DOI: 10.7717/peerjcs.783/table-8

The classification tasks of ImageNetTE and ImageNetWoof prove that PlaneNet model has a relatively good classification performance in each segment. To further verify the generalization ability of our model, we finally used the ILSVRC2012 (Russakovsky et al., 2015) dataset to conduct the verification experiment of the classification task. ILSVRC2012, which was created by Professor Feifei Li of Stanford University, is the computer vision dataset for the ImageNet2012 competition. It has 10, 000 categories of images and 14, 197, 122 images. Due to a large amount of data in the ILSVRC2012 data set, we did not choose the commonly used graphics card resources of personal computers or the CPU resources of simulated mobile devices for this experiment. In this experiment, we used the computer resources of 4 ×NVIDIA Tesla V100s for training. We set the batch size to 512, and we chose the same settings as above for the other experimental settings. The experimental results are shown in Table 9.

Table 9:

Performance of various mainstream models in semantic segmentation.

Acc. represents the accuracy of the model on the ILSVRC2012 datasets.

Model	Acc. (%)	Params (M)	Madds (M)
PlaneNet 0.4×	67.23	0.2	40
MobileNetV1 0.25×	50.91	0.5	41
MobileNetV3-small 0.75×	64.92	2.4	44
MobileNetV2 0.35×	61.07	1.7	59
MobileNetV3-small 1.0×	67.45	2.9	66
PlaneNet 1.0×	73.26	0.5	111
MobileNetV2 0.6×	65.31	2.2	141
GhostNet 1.0×	72.97	5.2	141
ShuffleNetV2 1.0× (g = 3)	68.94	2.3	146
MobileNetV1 0.5×	64.21	1.3	149
PlaneNet 1.4×	75.12	0.9	195
MobileNetv3-large 1.0 ×	74.84	5.4	219
MobileNetV2 1.0×	72.12	3.4	300
MnasNet 1.0×	75.05	4.2	317
MobileNetV1 0.75×	66.93	2.6	325

DOI: 10.7717/peerjcs.783/table-9

The experimental results show that our PlaneNet model has been benchmarked on a large scale on the ILSCRC2012 dataset, and our model has excellent performance under each Madds segment with an accuracy slightly lower than that of MobileNetV3-Small only in the 40-60M stage.
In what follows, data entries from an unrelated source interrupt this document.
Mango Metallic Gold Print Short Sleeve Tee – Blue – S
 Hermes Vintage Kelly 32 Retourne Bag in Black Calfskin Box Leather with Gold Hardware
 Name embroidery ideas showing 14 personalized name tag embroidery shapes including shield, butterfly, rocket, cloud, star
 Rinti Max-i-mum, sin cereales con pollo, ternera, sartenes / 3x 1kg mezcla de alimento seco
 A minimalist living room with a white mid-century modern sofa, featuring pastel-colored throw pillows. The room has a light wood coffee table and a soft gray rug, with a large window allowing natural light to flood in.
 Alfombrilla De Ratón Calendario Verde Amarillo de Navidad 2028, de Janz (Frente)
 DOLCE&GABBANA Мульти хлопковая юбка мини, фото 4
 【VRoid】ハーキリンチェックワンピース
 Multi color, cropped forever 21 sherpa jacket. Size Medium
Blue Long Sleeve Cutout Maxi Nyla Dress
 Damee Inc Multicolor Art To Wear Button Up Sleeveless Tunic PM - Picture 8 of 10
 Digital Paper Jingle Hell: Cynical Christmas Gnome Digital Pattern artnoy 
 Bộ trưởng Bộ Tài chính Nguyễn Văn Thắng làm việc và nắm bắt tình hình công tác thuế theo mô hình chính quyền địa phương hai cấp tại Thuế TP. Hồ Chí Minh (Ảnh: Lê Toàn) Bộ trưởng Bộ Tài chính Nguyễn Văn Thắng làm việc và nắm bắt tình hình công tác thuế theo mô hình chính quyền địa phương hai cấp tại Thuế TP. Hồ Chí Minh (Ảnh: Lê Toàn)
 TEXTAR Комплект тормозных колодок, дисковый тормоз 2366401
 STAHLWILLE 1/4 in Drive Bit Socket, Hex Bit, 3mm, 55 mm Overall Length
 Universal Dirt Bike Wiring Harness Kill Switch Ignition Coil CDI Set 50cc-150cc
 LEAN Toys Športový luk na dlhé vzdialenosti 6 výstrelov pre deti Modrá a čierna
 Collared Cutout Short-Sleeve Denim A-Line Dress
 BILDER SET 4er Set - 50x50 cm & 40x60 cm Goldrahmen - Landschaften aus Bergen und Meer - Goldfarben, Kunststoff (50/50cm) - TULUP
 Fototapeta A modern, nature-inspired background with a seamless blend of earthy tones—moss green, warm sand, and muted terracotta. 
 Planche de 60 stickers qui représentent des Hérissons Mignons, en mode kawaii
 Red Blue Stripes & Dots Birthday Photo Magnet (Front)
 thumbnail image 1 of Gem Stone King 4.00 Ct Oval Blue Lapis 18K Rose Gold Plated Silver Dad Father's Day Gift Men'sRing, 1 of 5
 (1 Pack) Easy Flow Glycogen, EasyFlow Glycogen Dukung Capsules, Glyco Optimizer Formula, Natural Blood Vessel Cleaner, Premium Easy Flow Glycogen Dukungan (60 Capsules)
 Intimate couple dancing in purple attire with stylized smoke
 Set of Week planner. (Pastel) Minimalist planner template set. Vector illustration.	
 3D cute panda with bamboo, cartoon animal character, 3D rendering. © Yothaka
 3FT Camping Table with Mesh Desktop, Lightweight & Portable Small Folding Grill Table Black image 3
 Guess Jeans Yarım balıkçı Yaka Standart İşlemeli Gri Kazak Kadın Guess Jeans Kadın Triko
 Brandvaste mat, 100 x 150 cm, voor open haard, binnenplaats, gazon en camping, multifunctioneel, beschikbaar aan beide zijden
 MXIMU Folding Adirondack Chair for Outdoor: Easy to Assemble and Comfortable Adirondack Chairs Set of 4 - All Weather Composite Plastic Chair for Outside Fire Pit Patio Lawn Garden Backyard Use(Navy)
However, both the numbers of model parameters and Madds are much lower than those of MobileNetV3-Small. In the other stages, our model can achieve the optimal effect in terms of accuracy and the number of parameters and Madds.

To effectively verify the actual operating effectiveness of our model, we choose four graphics cards, an RTX1060, an RTX2060S, an RTX5000, and a Titan V, which represent three environments of ordinary productivity, major productivity in the next 20 years, and high-end server productivity, respectively. Then, AMD R5-3600 and Intel I7-8750H CPUs were selected to represent the future mobile terminal and low computer resource environment, respectively, as the actual operating environment to test the operating effects of our model in different environments. The experimental results are shown in Table 10. The highest index indicates the strong real-time performance of the model. The results were clear. Within the same Madds complexity range, in various operating environments, the real-time performance and fluency of our model are better than those of other networks, which can prove that our model can be effectively applied in various environments and help mobile devices and other environments effectively apply deep learning technology. In Table 10, because of the plain structure of MobileNetV1, there are not too many elementwise operations, so the speed is very fast, but the accuracy is not high. It is not advisable to accept speed and abandon precision. Therefore, we marked the highest score except that for MobileNetV1 in bold.

Table 10:

FPS represents Frames Per Second, which is the reciprocal of the average of the 100,000 iterations it takes to predict a single image. RTX1060 represents the FPS of the model tested on the RTX1060.

RTX2060s represents the FPS of the model tested on the RTX2060s. RTX5000 represents the FPS that the model was tested on the RTX5000. TitanV represents the FPS that the model was tested on the Titan V. AMD represents the R5-3600 CPU test on the AMD platform. Intel represents the i7-8750 h CPU test on the Intel platform.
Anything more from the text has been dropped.